What you return should be only the lines starting at the one that contains "Boneka kaws" and running to the end of the listing, exactly as written, minus any pictures.
BEGIN
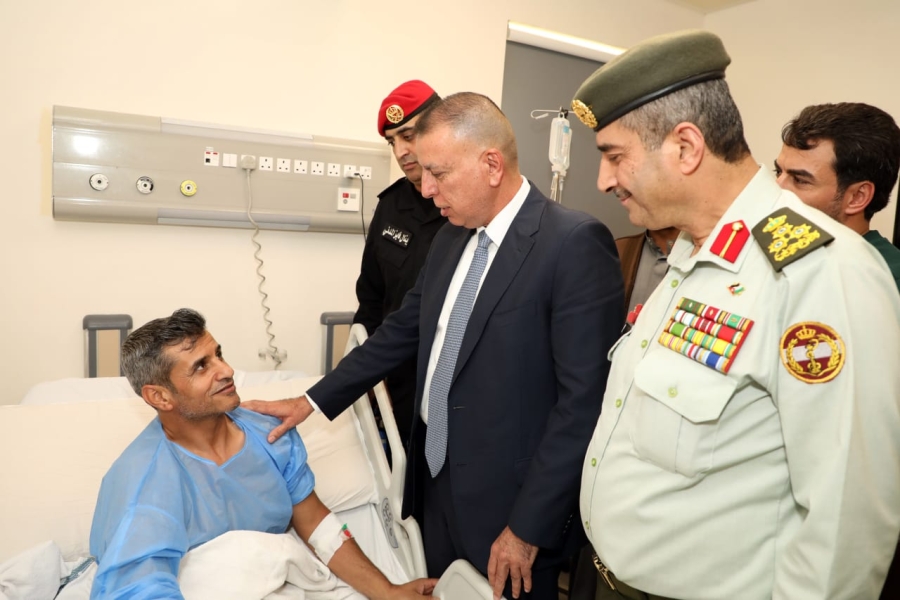 وزير الداخلية يزور مصابي المداهمة الأمنية في الرمثا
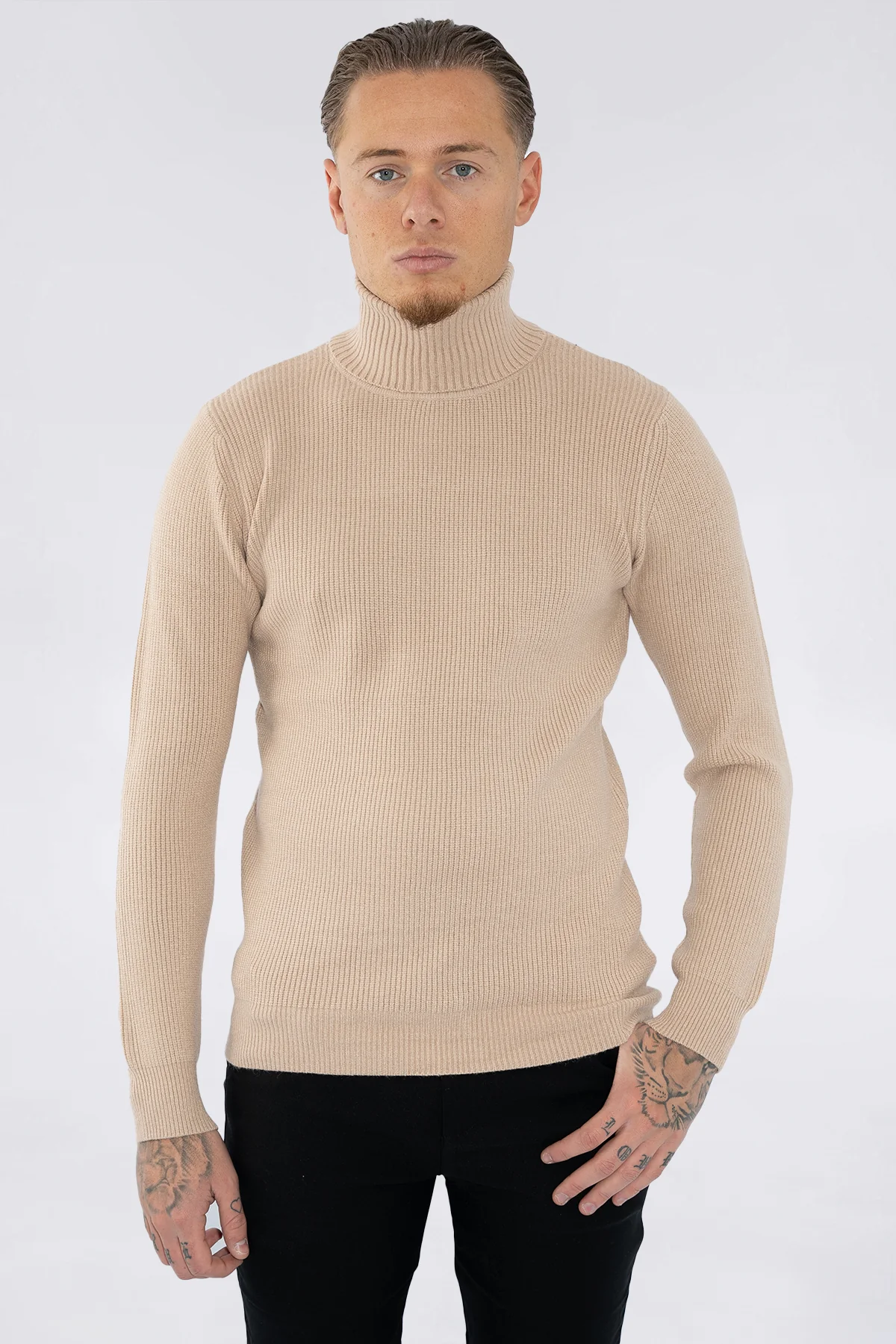 THE MERIDA TURTLENECK - Image 17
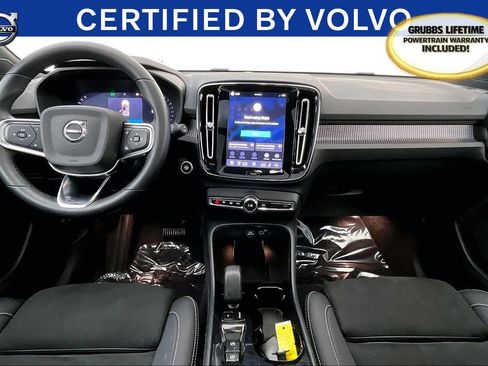 Certified 2025 Volvo XC40 B5 Plus image 21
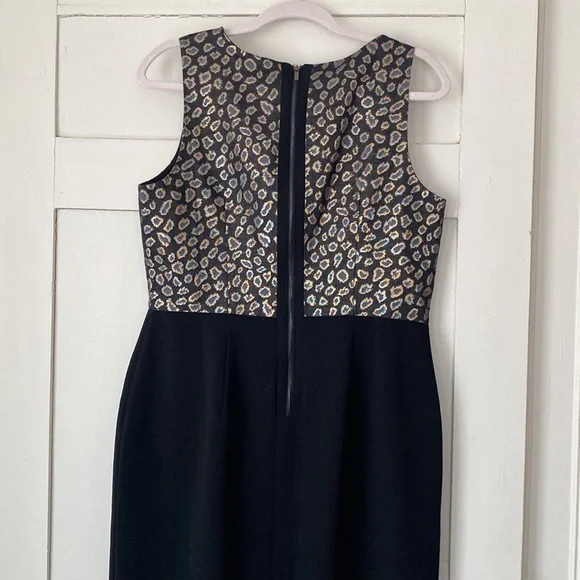 Ann Taylor petite dress with contrasting fabric on sides for a small waist look - Picture 5 of 5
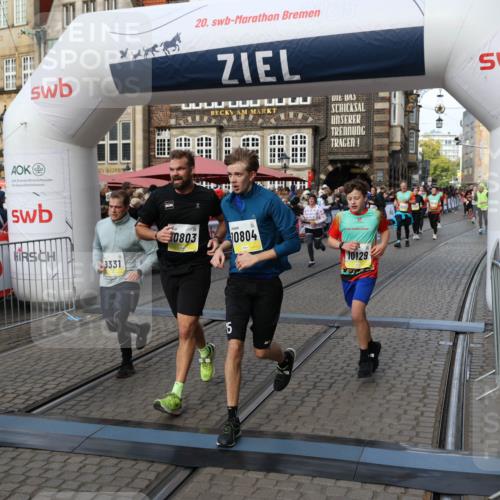 05.10.2025 - 20. swb-Marathon Bremen Yannick Fuchs http://msf.ph/oto/9231228 05.10.2025 11:02:55 Ziel 9331, 9360, 9516, 9841, 10129, 10207, 10510, 10530, 10734, 10803, 10804, 10940, 11024, 11193, 11576 meine-sportfotos.de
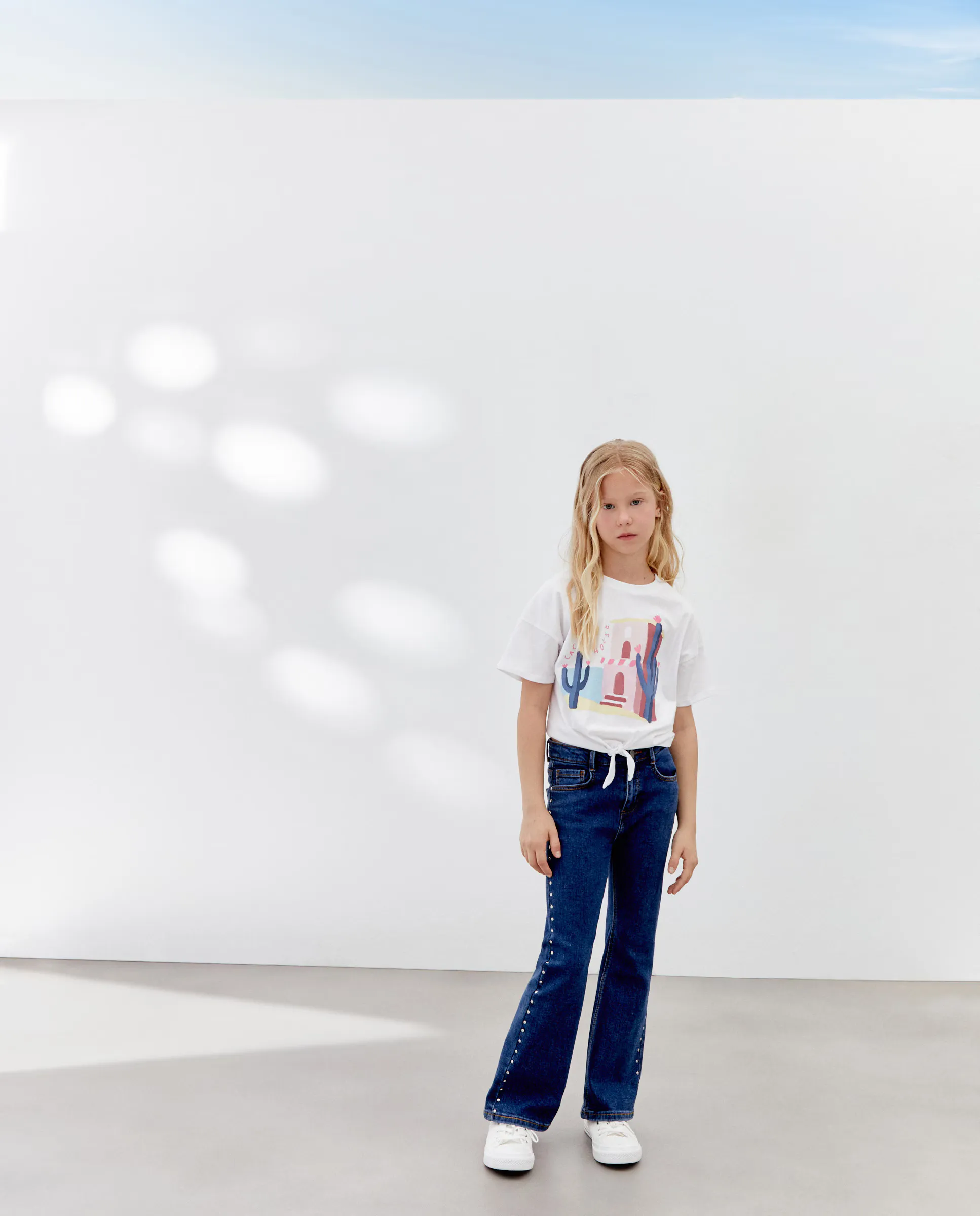 Джинсовые расклешенные брюки для девочки со стразами Kids El Corte Inglés, бледно-голубой 
Джинсовые расклешенные брюки для девочки со стразами Kids El Corte Inglés, бледно-голубой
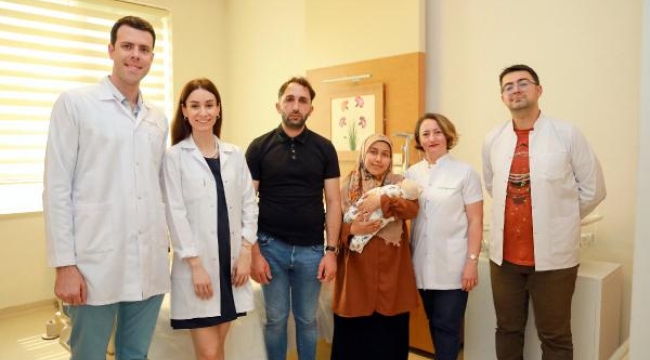 Bağırsakları göğüs kafesinde doğan bebek ameliyatla sağlığına kavuştu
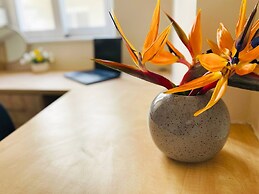 Cozy Nest - 2min To Beach, 6min Walk To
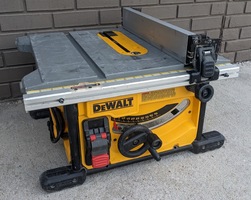 Dewalt DWE7485 15 Amp 8-1/4 in. Compact Portable Jobsite Table Saw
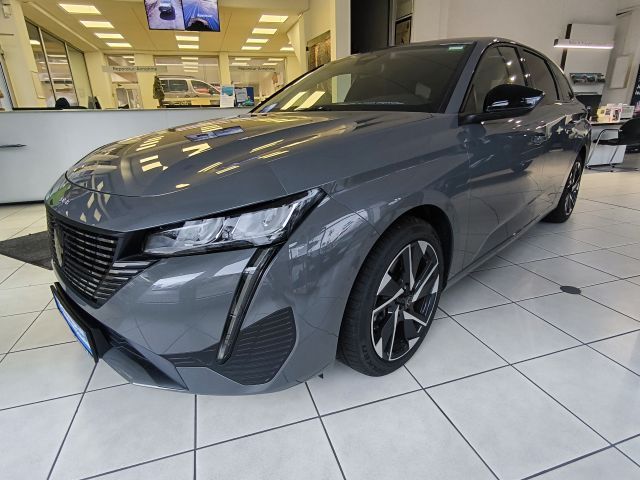 Details zum Fahrzeug: Peugeot 308 SW PureTech 130 Allure, SHZ, Navi, Kamera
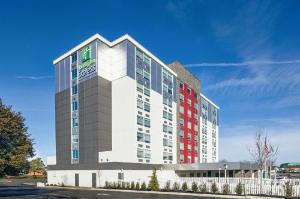 Holiday Inn Express Richmond - Midtown, an IHG Hotel, Richmond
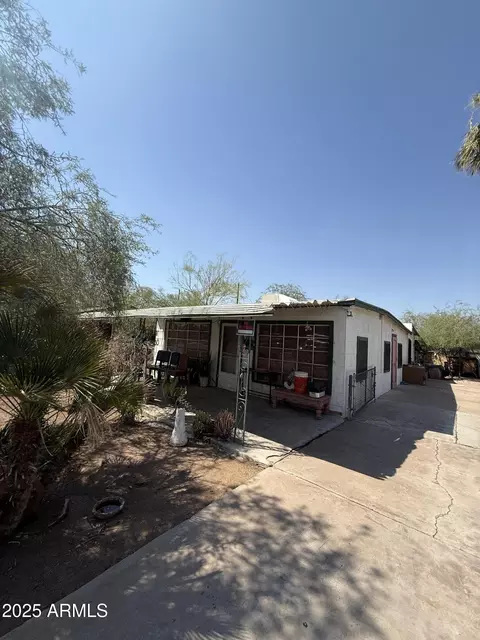 3140 W Holly St, Phoenix, AZ 85009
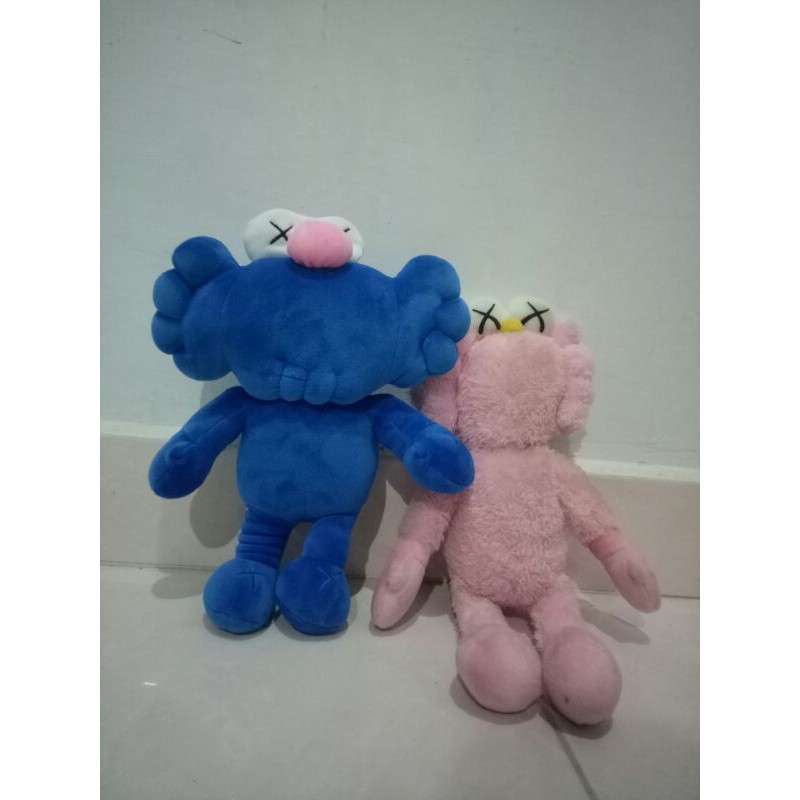 Boneka kaws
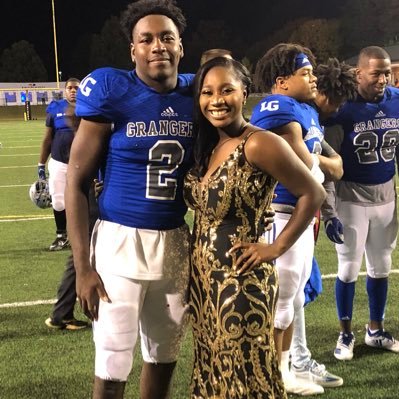 Mother of Mars hill university Linebacker Dexter Fitzpatrick 🦁and FVSU 3rd baseman Destiny Fitzpatrick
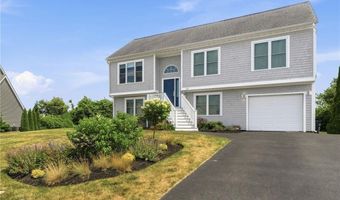 39 Hope Ln, Narragansett, RI 02882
END
» **ANSWER BOX**
 Boneka kaws
 Mother of Mars hill university Linebacker Dexter Fitzpatrick 🦁and FVSU 3rd baseman Destiny Fitzpatrick
 39 Hope Ln, Narragansett, RI 02882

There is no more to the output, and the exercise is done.